_Work instruction_:
Down to the last word, output the records below, skipping any images.

=== Data section ===

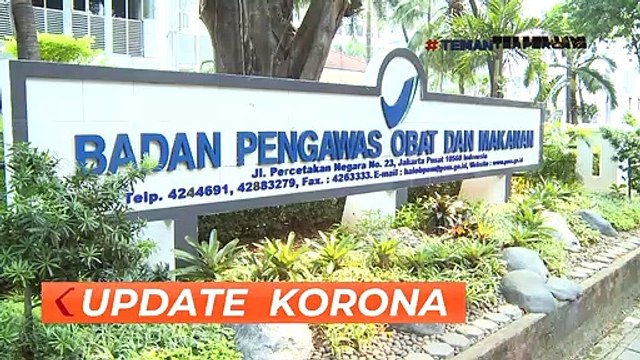 BPOM Terbitkan Izin Darurat Vaksin Sputnik-V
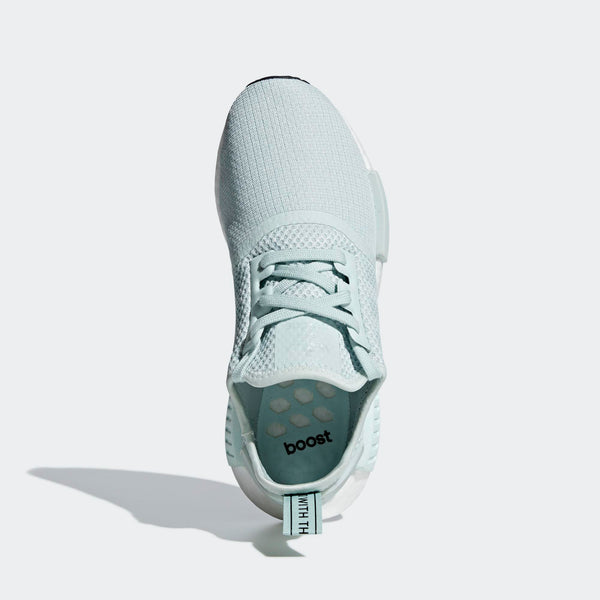 mint green nmds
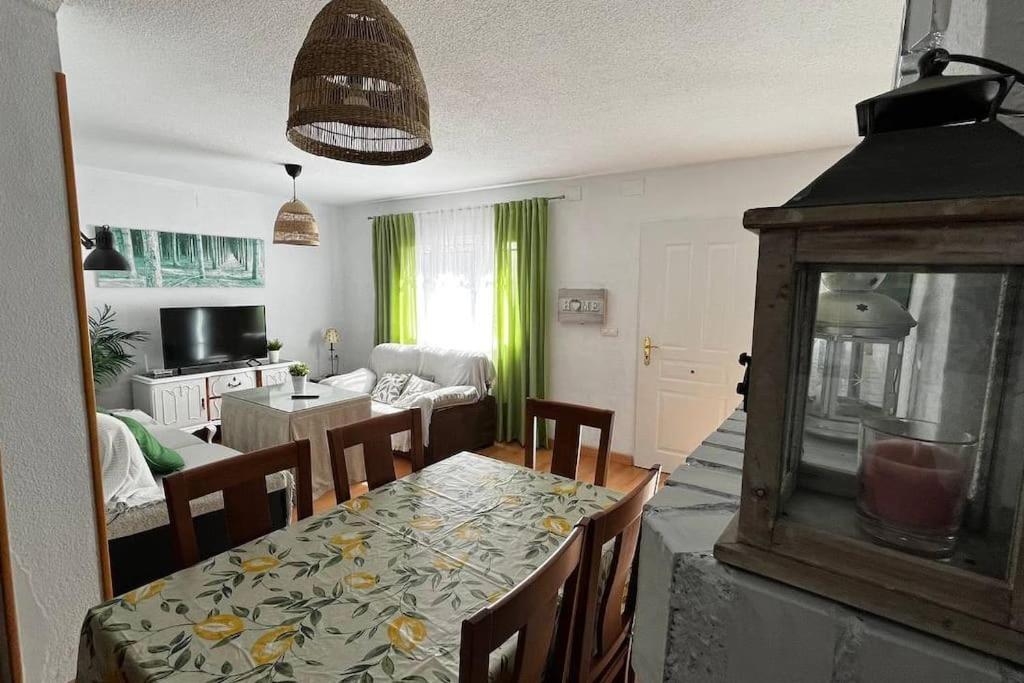 Casa De 5 Habitaciones Hasta 9 Plazas, La Casilla En Durcal, Granada Ngoại thất bức ảnh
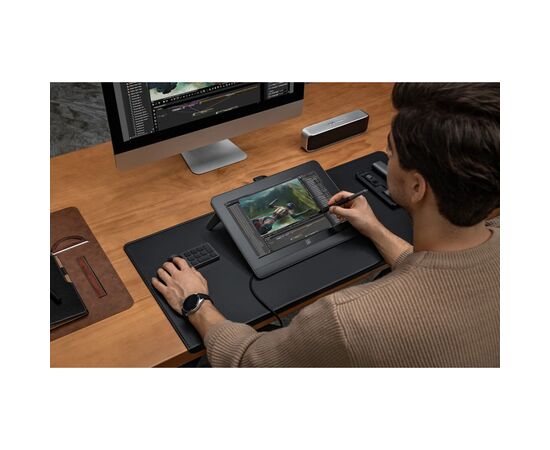 Планшет-монитор XP-Pen Artist 14 Pro (2nd Gen) (MD140FH_AD41), изображение 12 Планшет-монитор XP-Pen Artist 14 Pro (2nd Gen) (MD140FH_AD41), изображение 12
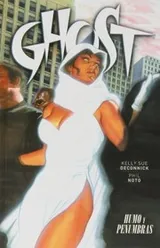 Cover of Ghost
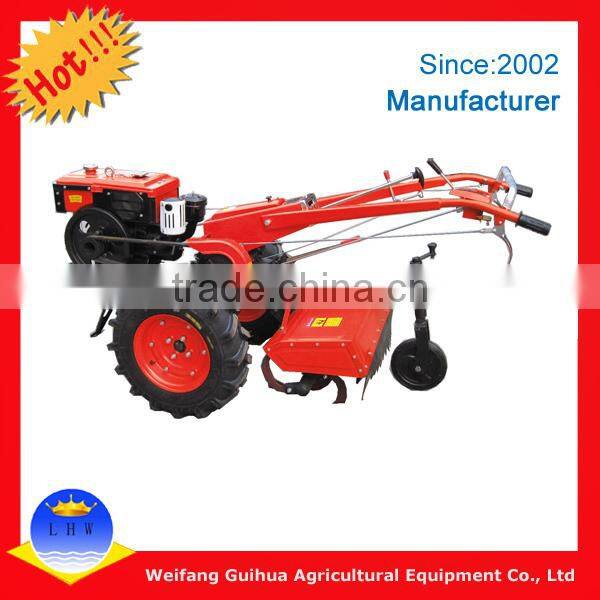 made in China 2wd walking tractor cheap model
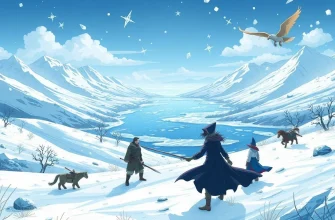 Películas de fantasía con frío: una selección invernal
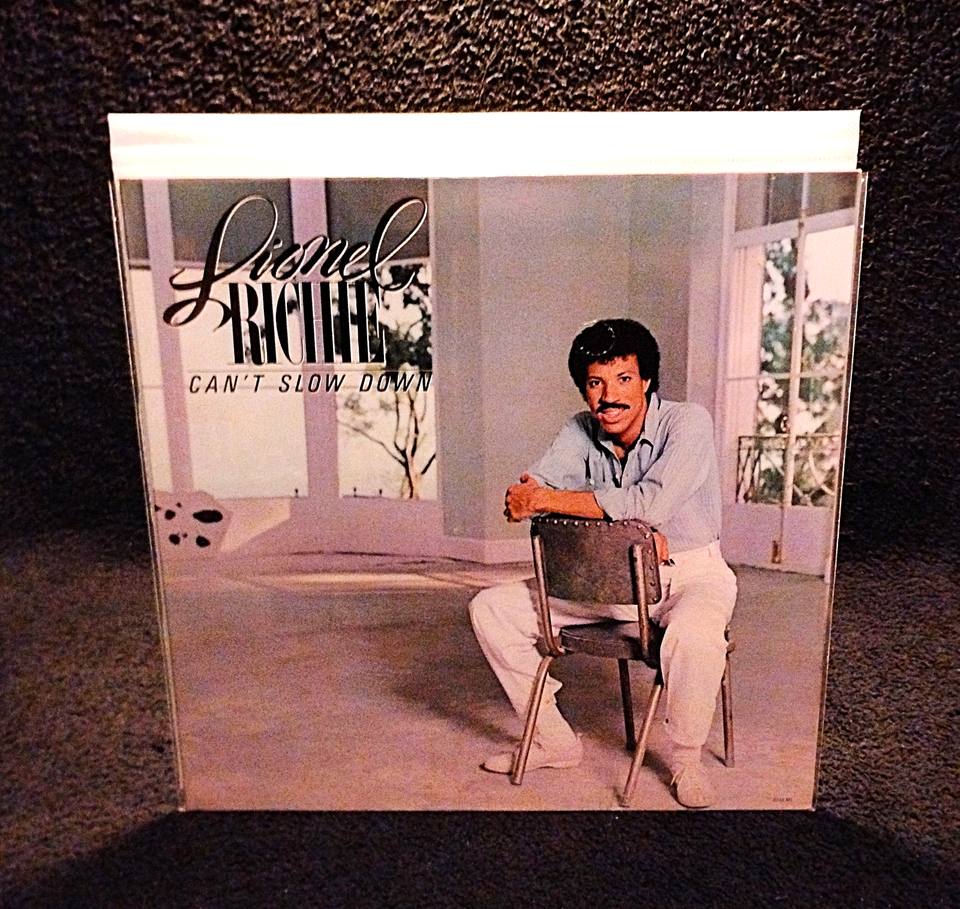 (SEALED) LIONEL RICHIE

===

_Your response_:
 BPOM Terbitkan Izin Darurat Vaksin Sputnik-V
 mint green nmds
 Casa De 5 Habitaciones Hasta 9 Plazas, La Casilla En Durcal, Granada Ngoại thất bức ảnh
 Планшет-монитор XP-Pen Artist 14 Pro (2nd Gen) (MD140FH_AD41), изображение 12 Планшет-монитор XP-Pen Artist 14 Pro (2nd Gen) (MD140FH_AD41), изображение 12
 Cover of Ghost
 made in China 2wd walking tractor cheap model
 Películas de fantasía con frío: una selección invernal
 (SEALED) LIONEL RICHIE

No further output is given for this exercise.